Microsoft (MSFT) stock rose 1.21% as reports surfaced that the company plans to cut under 2.5% of its workforce. Business Insider broke the story Tuesday, citing sources familiar with the plans.
The cuts could be announced as early as next week. Reuters said it could not independently verify the report.
Microsoft declined to comment when asked. That’s standard practice before layoffs are officially confirmed.
Based on the company’s headcount of roughly 228,000 full-time employees as of June 30, 2025, a 2.5% cut would mean thousands of jobs lost. The exact number remains unclear until Microsoft speaks publicly.
Which Teams Are Affected
Xbox layoffs were already expected. The gaming division has been under pressure for months after console price hikes and marketing cuts.
Microsoft raised Xbox console prices globally starting in August. The company blamed a worsening shortage of components, particularly storage and memory chips.

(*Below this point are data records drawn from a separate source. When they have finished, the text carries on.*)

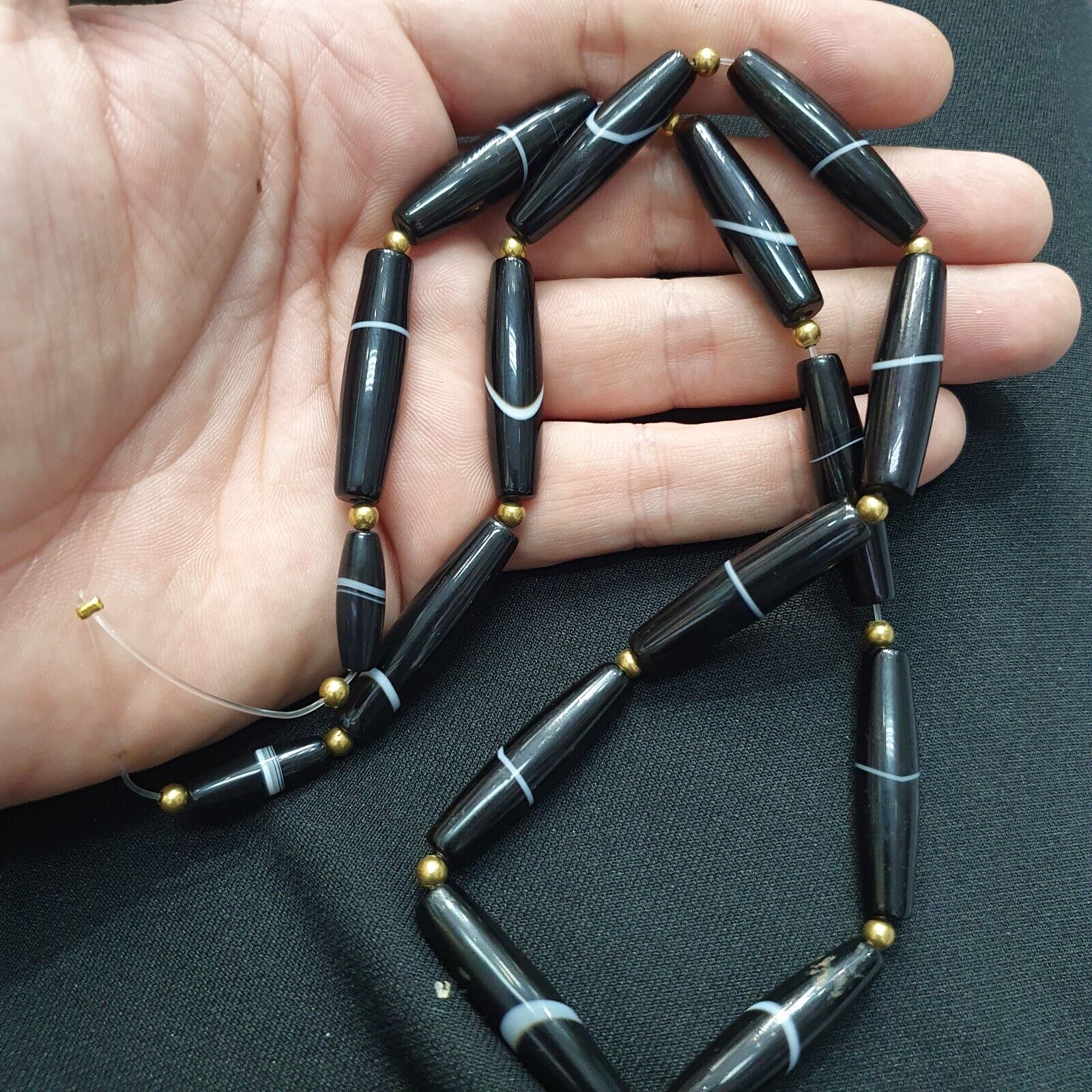 Antique Old Yemeni Agate Natural Rare pattern Banded Agate Beads 16 pieces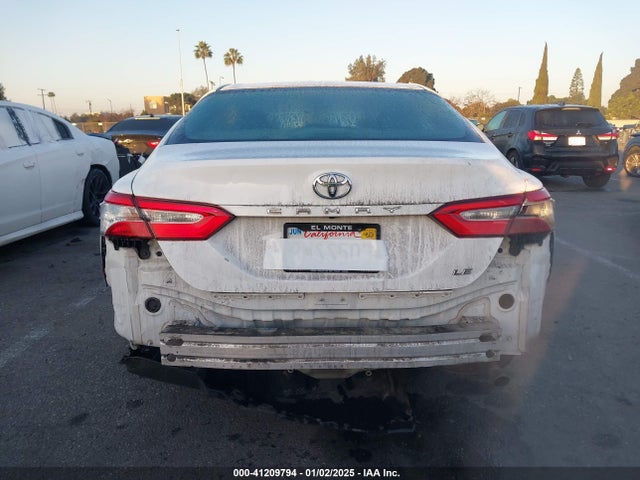 Toyota CAMRY LE 2018 4T1B11HK3JU615357 Image 16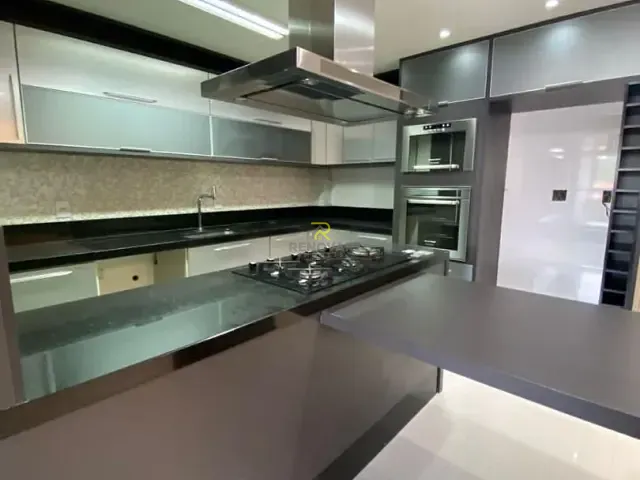 Apartamento com 165m² 3 quartos e 3 banheiros, à venda, no bairro Centro em Guarapuava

Bloomberg and The Information have both reported that Microsoft is weighing bigger changes to Xbox. That includes a possible spinoff or restructuring as a separate subsidiary.
But this round reportedly stretches further than gaming. Sales and consulting roles are also said to be in scope, according to Business Insider.
Those are customer-facing jobs that help close deals and support clients. Cutting them signals Microsoft may be rethinking how many people it needs to sell software in an AI-driven market.
The Bigger Picture in Tech
This wouldn’t be Microsoft’s first round this cycle. In July 2025, the company cut nearly 4% of its workforce, one of its largest layoffs in recent years.
The current reported cuts would be smaller by comparison. The timing also lines up with Microsoft’s fiscal year end on June 30, when budgets and team priorities typically get reviewed.
Microsoft isn’t alone in trimming staff this year. Meta has cut about 10% of its workforce, while Amazon confirmed 16,000 corporate job losses in January as part of a plan targeting 30,000 total reductions.
Oracle’s headcount fell by around 21,000 employees in fiscal 2026 during its own AI and cloud restructuring. Challenger, Gray & Christmas data shows AI was cited in 87,714 job cuts through May 2026, already topping all of 2025’s total.
Not everyone accepts the AI explanation at face value. Nvidia CEO Jensen Huang called the practice of blaming layoffs on AI “lazy,” arguing most companies haven’t scaled AI enough to justify sweeping cuts.
Gartner’s Helen Poitevin made a similar point, noting a May survey of 350 executives found no clear link between deeper staff cuts and better returns from AI tools. Cognizant’s Chief AI Officer Babak Hodjat has said AI sometimes gets blamed for overhiring that happened long before AI entered the picture.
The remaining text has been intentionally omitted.